Ms. Melendez, by the way, is Duncan's appointee for K-12 chief. Her experience?
She got her superintendent’s job, in California’s 30,000-student Pomona Unified School District, through a nontraditional route: She spent a year and a half at a private education foundation before winning a spot in the 2006 Broad Superintendents Academy, which trains emerging district leaders.

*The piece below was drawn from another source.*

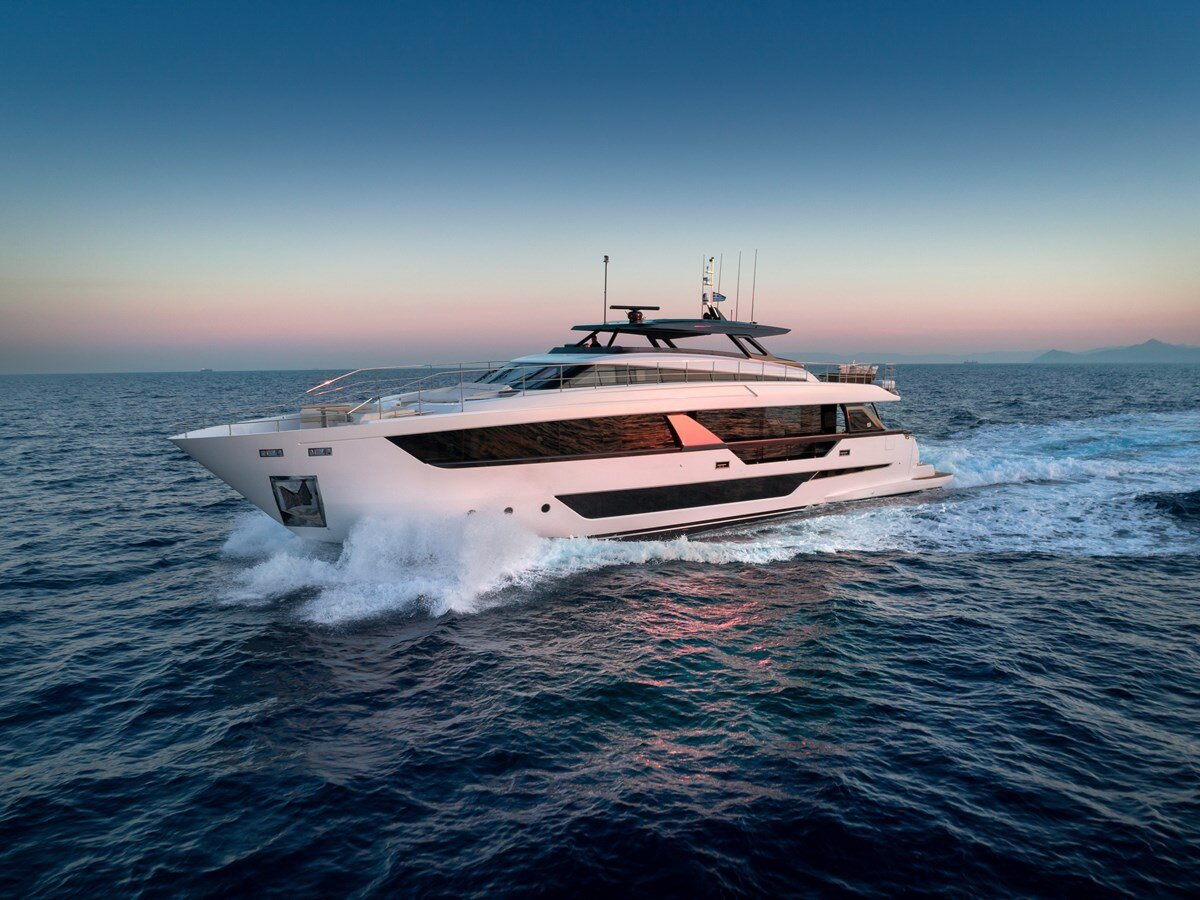 2023-ferretti-yachts-98-11-5cb00e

So she takes a "pay cut" in the "entrepreneurial spirit" - can we start a wiki of Duncanisms? - via her shortcut to the top on the tuxedo coattails of billionaire AIG crony and ed meddler Eli Broad. Call me crazy, but you'd think people who were "education policy superstars," who spent their lives in classrooms and later in research, would qualify as "passionate" more than the "missionaries" with an "entrepreneurial spirit." People like, you know, Linda Darling-Hammond, who's devoted her life to knowing through research how to improve education, rather than taking a left turn from entrepreneurialism out of some "money + passion = change you can believe in" zeal.
[Update: Tom Hoffman comments that Melendez has decades of classroom experience before her stint as a superintendent, and suggests she deserves a chance. We wish her well. The point I was trying to make here is that Duncan's rhetoric smacks of a sort of anti-intellectualism and pro-entrepreneurialism, and his staff picks reflect that as well. His DoE staffers are overwhelmingly connected more to Eli Broad and Bill Gates than to universities and classrooms.]
In light of all of this, it's no surprise that the new national standards in the works for math and reading are being written not by teachers, not by academics, but by
Achieve, a Washington-based group made up of state policymakers and business leaders; act Inc., the Iowa City, Iowa-based nonprofit organization that runs the college-entrance exam of the same name; and the College Board, the New York City-based sponsor of the sat admissions exam and the Advanced Placement program.
--ed businesses all. Achieve* is run by politicians and businesspeople; Iowa City and the College Board need no introduction, as we've all filled bubbles for them in our careers to show our learning. You can bet none of these entrepreneurs are thinking pay cuts in the long term. Think of the new tests possible with national standards.
Secretary Duncan, if you want "passion" and "mission-driven," why are you excluding the exemplars of those qualities - the people who've devoted their lives to the work, and never had much room in their salaries for pay cuts because it was never about the money for them? They offer value-added qualities that your entrepreneurs don't: life-long experience, knowledge, and dedication.
--
*A previous error has been corrected here, which mistook Achieve for a different Achieve. "Achieve" is a popular name for folks in the education business.